● **What is required**
Please output the listing that follows exactly, but keep all images out.

● **Dataset section**
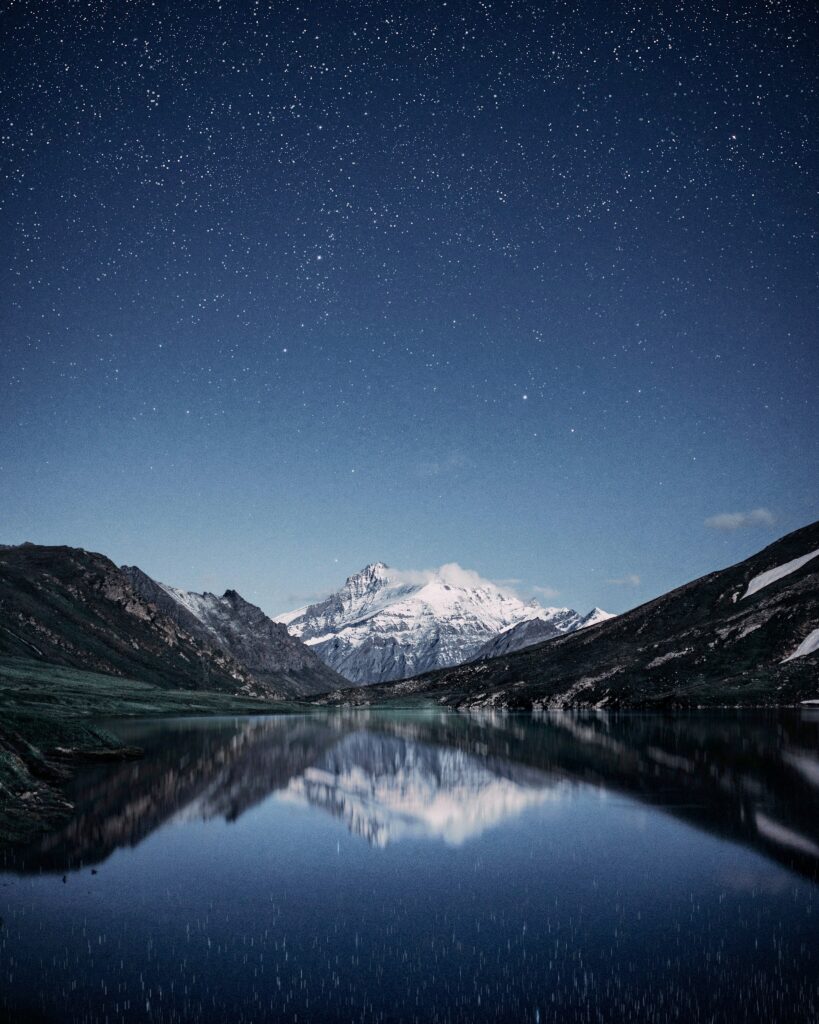 Snowy mountain peaks reflect in a calm lake under a starry night sky serene nature wallpaper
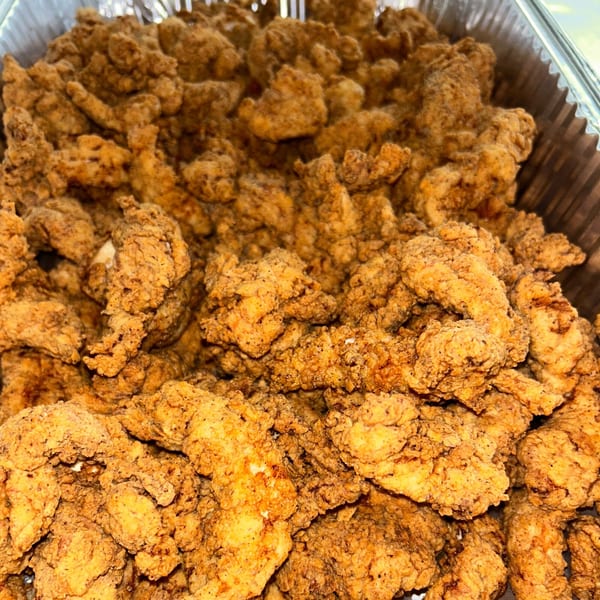 Close-up of a large catering tray filled with golden-brown, crispy fried chicken pieces.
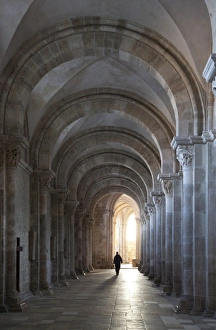Nave Prints: Interior north nave aisle with priest walking away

● **Answer space**
 Snowy mountain peaks reflect in a calm lake under a starry night sky serene nature wallpaper
 Close-up of a large catering tray filled with golden-brown, crispy fried chicken pieces.
Nave Prints: Interior north nave aisle with priest walking away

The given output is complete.